Just As Inn does not advertise itself as a boutique hotel, which is merely a euphemism for new crummy. Instead, what you see is what you get. The reception area sits one person besides the young receptionist who greets you. There is a coffee machine, a stack of magazines and strangely enough, two images of Aung San Suu Kyi stencilled on a canvas.



 
For the first two evenings, I was assigned Room 1, a double room and one of few with a window (which overlooks an air-well). Thankfully, the room is spotlessly clean and uncluttered. The furniture is simple (a few boards here and there to make a bed and table) and the mattress firm and comfortable. The bathroom is tiny but its fittings are new. The problem with these ensuite bathrooms is that a single shower will get everything including the washbasin and WC completely wet. 
 
Did I say that every room has a different art concept, a flat-screen television (albeit with limited channels, no CNA or BBC) and the free wifi operates 24 hours a day?   

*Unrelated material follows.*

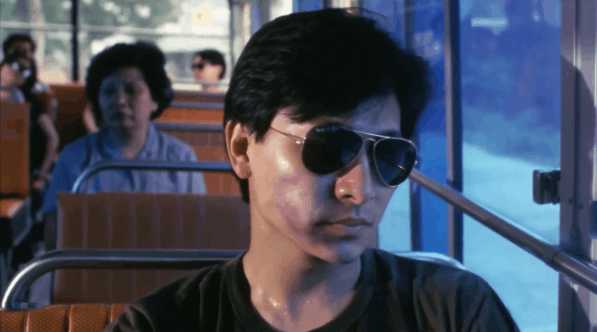 旺角卡门阿华和乌蝇哥是什么关系,旺角卡门阿华女友打掉孩子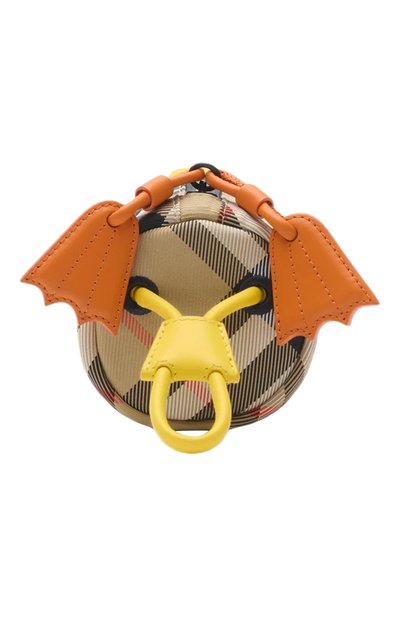 Пенал BURBERRY, арт. 8108450, фото 3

For the last four evenings, I moved into Room 7, a single room with no window, which is as basic as one can get. There are a total of 14 rooms in this establishment. This is what SGD 100 gets you these days in HK, but I was not complaining. At least I was not in Chungking Mansion.
 
Just As Inn has been booked solid for the period of the Hong Kong Arts Festival next year. So I'll have to push off to somewhere else, hopefully as reasonably priced.

N.B. Harilela Mansion does have a bit of a reputation. Its 4th storey is the Tsim Sha Tsui Sauna, and I noticed on occasion rough-looking men exiting on the 5th floor to enter a secretive looking boarded-up door with the word Galaxy on it. After returning to Singapore, an Internet search I did revealed that to be a gay sauna!